Not that effort will change what happened between Giese's final pitch and the game's final out. The Yankees were enjoying the benefits of a two-run lead in the seventh inning, when Garrett Anderson blasted a solo homer off Jose Veras to put the Angels back within one.
Three batters later, Mike Napoli hit a solo homer of his own. The game was tied, Giese's win was lost, and the pro-Giese contingent let out a collective groan.
Had they known exactly how this fairy tale was about to transform into an Angel Stadium nightmare, Giese's fans might even have screamed.
Edwar Ramirez entered the following inning and allowed all five Angels he faced to reach base, before David Robertson served up hits to the next three. Eight runs in all scored in the eighth, ensuring not only that the Yankees would lose, but that memories of Giese's outing would be shoved deep into the shadows of Orange County.
Given Ramirez's success this season in particular, the speed of that offensive outburst came as a shock to everyone in pinstripes. But the Angels have been successful this season, too. Something had to give.
"I don't care what's happening with the Angels," Ramirez said. "I'm trying to throw the same balls that I throw everybody."
Members of the bullpen, victims also in Friday night's loss, were stunned into silence after the game -- mainly because they had all been so good this year. Ramirez stood in front of one row of lockers, trying to explain why the Angels knocked his slider all over the ballpark. And Robertson slouched in a chair, wondering aloud how anyone could expect a changeup on a 0-0 count.
But this isn't anyone. These are the Angels. And the results were quite ugly.
"What do you think?" Girardi said. "You think it's fun watching that?"
So imagine how Giese felt. In the days leading up to his first start since June, Giese set a goal to pitch six effective innings in his Angel Stadium debut. He knew the Yankees would limit him to roughly 85 pitches given his recent role in the bullpen, and he knew that six innings would be stretching that limit.
Then he went out and made good on his prediction -- or rather, his hope -- holding the Angels to just three hits and a run.
And then he watched it all disappear.
"You can't ask for him to do anything more than he did," Yankees shortstop Derek Jeter said. "He was outstanding."
Giese didn't feel outstanding after the game, waiting for Robertson and Johnny Damon to get dressed so that the three could head down to a family party in San Clemente, Calif. Though Giese was pleased with himself -- how could he not be? -- every other Yankee had a sour taste in his mouth after the game.
And so the party might not be quite as fun as he imagined, because the game wasn't quite as fun. An Angels fan growing up in Riverside, Calif., Giese simply wanted to win in front of his family and friends and countless well-wishers.

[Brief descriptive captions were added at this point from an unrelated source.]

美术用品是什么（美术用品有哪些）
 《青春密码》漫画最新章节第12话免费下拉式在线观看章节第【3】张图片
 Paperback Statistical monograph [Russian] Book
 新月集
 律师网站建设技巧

And he very nearly did, outdueling perennial Cy Young candidate John Lackey.
"It's funny to say, but all those times goofing around in my front yard, I always put myself here in Angel Stadium," Giese said. "It was my first start here, but in my head, I've done it a million times."
And not a single one of them ended like this. Though Alex Rodriguez and Jason Giambi hit back-to-back homers off Lackey in the sixth inning, the Yankees could not muster much more offense the rest of the way.
For Giese, it was a troubling sensation. For the Yankees, it was something even more ominous.
Saturday's game was yet another piece of evidence that this Yankees team might not be fit to compete with the Angels, the most successful team in the Major Leagues. And when they lose games because of a leaky valve in the bullpen -- one of their strengths -- this team appears in even greater trouble.
Because now, time is short. And the Yankees, like Giese, are in need of a happy ending.